Your objective: Print, exactly as they appear in the listing below, the lines from the line with "Used Buick Envision" to the line with "Appartamento in Via", with both end lines kept.

Records supplied:
● ● ●

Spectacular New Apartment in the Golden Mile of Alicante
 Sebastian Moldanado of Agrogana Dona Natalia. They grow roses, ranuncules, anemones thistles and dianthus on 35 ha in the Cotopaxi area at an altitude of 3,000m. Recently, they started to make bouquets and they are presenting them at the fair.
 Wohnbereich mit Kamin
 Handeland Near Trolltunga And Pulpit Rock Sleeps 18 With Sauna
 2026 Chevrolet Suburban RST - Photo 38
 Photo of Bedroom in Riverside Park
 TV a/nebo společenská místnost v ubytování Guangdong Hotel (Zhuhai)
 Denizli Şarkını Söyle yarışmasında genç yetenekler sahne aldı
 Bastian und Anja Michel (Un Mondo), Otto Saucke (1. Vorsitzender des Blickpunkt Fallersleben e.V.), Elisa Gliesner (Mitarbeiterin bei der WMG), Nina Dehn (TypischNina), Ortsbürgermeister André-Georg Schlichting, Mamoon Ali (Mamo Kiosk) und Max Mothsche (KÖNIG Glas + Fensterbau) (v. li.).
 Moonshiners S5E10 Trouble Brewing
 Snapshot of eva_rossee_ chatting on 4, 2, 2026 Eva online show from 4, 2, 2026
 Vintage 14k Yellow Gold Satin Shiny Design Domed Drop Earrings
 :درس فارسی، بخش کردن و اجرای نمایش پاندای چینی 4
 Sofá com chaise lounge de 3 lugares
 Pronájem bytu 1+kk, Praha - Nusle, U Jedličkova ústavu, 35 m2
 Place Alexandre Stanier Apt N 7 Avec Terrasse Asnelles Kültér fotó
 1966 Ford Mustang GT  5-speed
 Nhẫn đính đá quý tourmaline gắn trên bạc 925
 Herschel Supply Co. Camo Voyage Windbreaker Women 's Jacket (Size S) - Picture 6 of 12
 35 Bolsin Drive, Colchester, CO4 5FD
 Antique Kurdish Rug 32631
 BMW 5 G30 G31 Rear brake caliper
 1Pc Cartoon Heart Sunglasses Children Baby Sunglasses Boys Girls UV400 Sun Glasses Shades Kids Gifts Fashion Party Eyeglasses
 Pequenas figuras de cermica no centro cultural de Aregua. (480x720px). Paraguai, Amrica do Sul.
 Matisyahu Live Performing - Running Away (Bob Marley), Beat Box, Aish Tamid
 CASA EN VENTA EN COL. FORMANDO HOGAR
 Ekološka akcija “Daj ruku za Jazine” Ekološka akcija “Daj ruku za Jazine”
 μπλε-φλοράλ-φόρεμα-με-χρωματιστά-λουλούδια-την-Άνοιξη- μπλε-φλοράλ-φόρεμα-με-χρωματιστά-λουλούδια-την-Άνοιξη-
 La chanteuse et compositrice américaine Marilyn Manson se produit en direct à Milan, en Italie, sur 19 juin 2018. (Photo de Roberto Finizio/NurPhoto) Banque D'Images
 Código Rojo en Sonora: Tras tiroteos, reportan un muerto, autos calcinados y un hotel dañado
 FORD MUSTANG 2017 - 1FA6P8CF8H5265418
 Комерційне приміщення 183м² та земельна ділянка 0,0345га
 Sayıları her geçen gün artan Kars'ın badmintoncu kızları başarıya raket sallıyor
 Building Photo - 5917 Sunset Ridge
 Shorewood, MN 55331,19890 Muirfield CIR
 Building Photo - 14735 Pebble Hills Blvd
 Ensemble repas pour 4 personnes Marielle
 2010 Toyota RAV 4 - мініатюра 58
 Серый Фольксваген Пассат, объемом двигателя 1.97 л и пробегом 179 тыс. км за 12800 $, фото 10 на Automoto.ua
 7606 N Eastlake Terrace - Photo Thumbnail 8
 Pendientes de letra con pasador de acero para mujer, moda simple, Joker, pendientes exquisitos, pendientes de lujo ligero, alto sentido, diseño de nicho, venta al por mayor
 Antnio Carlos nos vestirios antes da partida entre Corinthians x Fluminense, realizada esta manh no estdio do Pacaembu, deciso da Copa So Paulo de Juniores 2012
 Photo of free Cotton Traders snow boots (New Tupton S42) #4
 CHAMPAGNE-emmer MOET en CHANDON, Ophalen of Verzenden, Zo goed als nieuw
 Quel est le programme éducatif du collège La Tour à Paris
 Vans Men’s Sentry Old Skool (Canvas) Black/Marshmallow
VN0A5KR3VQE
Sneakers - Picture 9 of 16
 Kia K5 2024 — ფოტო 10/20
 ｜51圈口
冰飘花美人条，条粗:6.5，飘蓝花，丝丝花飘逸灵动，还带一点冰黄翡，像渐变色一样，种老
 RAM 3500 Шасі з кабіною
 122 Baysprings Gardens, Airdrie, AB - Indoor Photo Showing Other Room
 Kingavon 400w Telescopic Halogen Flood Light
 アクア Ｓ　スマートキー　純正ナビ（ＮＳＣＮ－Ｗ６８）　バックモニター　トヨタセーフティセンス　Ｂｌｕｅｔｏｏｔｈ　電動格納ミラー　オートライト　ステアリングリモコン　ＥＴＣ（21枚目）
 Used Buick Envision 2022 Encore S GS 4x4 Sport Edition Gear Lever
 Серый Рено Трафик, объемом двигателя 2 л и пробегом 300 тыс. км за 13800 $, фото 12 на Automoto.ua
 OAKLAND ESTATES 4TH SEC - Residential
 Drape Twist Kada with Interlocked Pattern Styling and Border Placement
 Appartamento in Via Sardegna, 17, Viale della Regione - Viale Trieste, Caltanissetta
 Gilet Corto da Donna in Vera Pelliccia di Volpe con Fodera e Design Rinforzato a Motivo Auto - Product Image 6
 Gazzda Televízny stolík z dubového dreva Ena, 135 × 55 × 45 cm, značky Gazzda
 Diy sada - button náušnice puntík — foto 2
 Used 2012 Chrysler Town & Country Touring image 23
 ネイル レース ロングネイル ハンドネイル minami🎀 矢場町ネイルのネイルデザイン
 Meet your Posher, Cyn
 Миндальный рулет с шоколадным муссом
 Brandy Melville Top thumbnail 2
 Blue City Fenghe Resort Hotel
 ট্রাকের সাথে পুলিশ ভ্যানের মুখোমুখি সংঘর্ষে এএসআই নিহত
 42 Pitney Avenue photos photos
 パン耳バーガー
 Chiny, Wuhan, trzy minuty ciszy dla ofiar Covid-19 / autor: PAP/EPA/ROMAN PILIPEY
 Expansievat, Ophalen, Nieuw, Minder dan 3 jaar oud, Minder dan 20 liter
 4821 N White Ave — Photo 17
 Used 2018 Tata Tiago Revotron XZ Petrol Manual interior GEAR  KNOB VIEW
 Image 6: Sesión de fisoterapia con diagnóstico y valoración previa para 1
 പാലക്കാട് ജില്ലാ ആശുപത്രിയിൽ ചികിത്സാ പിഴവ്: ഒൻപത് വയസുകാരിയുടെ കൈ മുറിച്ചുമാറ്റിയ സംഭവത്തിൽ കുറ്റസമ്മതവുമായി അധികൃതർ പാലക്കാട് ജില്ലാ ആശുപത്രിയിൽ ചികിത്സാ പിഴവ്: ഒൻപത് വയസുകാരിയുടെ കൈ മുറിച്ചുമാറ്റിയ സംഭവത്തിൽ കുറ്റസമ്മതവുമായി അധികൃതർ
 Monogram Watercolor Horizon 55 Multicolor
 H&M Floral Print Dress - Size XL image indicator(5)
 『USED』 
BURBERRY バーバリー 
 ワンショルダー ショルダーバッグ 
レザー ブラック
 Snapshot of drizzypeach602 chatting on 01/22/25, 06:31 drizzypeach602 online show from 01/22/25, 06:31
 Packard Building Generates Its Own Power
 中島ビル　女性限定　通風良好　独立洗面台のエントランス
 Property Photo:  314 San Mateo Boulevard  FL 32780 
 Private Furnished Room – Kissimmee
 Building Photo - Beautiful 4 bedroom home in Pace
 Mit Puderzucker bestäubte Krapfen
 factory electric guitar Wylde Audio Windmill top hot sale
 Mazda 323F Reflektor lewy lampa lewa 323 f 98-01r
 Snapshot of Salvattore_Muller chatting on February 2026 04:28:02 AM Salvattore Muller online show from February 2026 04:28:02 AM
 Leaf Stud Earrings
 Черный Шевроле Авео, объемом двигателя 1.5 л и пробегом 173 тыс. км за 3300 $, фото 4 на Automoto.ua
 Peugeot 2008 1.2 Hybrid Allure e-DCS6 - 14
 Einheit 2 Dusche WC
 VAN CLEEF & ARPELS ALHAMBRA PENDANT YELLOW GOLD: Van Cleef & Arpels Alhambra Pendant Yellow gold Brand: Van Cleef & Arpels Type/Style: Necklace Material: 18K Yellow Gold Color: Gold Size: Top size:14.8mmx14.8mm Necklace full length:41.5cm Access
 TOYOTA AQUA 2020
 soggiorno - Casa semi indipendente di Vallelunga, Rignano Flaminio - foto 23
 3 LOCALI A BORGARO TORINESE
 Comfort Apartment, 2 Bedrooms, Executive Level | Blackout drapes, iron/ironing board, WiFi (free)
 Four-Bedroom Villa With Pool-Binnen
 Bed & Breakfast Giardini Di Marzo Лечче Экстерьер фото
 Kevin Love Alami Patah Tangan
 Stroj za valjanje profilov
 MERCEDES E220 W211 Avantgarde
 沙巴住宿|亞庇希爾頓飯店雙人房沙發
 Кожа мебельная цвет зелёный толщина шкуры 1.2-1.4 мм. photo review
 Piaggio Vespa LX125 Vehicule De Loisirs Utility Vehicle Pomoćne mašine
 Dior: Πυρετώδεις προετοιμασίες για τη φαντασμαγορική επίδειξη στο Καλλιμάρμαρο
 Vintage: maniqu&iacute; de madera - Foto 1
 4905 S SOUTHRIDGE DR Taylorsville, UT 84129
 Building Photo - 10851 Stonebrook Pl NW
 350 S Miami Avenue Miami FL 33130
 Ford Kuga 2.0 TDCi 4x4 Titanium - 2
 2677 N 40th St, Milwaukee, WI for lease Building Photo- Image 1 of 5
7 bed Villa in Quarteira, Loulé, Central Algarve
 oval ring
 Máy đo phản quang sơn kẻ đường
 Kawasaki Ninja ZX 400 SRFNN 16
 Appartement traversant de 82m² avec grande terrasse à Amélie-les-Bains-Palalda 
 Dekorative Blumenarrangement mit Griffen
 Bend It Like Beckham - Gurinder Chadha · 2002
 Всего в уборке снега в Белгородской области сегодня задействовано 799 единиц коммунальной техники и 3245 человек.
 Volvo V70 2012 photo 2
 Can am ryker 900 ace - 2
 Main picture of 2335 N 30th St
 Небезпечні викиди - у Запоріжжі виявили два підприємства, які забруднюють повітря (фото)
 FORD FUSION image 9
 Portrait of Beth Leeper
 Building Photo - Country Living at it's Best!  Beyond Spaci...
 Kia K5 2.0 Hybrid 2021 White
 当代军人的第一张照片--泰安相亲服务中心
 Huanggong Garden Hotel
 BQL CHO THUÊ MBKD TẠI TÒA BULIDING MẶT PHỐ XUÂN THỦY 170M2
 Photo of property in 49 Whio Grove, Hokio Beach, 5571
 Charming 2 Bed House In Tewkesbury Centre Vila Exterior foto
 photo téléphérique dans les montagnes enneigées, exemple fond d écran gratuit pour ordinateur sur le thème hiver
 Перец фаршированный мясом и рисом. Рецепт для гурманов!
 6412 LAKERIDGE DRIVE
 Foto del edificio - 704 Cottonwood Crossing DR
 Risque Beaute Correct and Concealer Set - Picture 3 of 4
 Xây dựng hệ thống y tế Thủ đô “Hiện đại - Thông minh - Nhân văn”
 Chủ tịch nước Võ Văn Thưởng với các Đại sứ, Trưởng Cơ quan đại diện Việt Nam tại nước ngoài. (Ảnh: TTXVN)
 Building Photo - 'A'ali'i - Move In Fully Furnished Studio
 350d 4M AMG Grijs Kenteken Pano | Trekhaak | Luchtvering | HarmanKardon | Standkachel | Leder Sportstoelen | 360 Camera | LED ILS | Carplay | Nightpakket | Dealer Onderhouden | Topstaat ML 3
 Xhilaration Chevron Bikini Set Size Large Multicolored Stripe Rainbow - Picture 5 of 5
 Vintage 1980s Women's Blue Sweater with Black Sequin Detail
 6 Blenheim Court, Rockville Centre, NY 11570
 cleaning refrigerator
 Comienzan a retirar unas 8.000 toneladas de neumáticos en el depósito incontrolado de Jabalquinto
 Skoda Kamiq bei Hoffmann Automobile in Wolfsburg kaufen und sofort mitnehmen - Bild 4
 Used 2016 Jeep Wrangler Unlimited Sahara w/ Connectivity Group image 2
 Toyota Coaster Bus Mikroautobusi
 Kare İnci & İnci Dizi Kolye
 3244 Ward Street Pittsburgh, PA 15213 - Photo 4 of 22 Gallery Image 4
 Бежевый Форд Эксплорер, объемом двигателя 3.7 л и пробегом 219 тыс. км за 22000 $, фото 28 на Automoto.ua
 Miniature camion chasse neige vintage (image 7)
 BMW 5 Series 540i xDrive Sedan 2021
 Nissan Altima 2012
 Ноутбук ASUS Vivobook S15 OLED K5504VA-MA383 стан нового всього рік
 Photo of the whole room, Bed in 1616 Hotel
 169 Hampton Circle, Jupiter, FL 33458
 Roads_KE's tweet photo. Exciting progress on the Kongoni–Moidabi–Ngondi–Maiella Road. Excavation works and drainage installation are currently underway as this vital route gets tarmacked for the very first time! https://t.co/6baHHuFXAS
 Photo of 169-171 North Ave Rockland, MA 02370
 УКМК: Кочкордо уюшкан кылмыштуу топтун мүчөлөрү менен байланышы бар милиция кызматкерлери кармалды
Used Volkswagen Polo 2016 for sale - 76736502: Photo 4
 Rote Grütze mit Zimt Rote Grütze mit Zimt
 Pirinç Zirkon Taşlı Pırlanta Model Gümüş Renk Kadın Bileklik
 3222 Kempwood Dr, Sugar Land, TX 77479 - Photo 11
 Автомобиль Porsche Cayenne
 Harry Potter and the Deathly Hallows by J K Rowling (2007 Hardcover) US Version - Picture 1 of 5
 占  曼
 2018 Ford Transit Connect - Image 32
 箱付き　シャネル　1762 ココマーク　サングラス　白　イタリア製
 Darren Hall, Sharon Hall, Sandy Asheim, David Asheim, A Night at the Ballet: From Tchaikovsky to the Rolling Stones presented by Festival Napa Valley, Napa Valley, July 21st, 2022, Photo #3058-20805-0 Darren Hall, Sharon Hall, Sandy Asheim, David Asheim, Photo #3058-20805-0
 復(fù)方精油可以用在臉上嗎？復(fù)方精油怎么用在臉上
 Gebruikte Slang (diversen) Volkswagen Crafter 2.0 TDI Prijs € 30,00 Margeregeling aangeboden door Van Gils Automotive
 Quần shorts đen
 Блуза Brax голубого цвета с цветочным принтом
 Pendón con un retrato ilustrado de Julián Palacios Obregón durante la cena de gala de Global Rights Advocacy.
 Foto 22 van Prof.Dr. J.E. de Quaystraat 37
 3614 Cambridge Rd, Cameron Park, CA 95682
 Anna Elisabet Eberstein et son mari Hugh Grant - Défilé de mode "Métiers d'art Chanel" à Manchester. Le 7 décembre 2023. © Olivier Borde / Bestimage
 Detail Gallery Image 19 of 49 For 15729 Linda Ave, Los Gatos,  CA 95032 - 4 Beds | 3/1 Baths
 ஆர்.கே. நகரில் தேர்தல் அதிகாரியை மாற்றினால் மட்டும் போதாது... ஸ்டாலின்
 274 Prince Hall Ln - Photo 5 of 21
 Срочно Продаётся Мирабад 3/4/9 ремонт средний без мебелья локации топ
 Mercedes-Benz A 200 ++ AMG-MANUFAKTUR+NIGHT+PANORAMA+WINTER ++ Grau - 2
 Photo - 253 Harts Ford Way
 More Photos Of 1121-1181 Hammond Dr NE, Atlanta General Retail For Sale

● ● ●

Expected output:
 Used Buick Envision 2022 Encore S GS 4x4 Sport Edition Gear Lever
 Серый Рено Трафик, объемом двигателя 2 л и пробегом 300 тыс. км за 13800 $, фото 12 на Automoto.ua
 OAKLAND ESTATES 4TH SEC - Residential
 Drape Twist Kada with Interlocked Pattern Styling and Border Placement
 Appartamento in Via Sardegna, 17, Viale della Regione - Viale Trieste, Caltanissetta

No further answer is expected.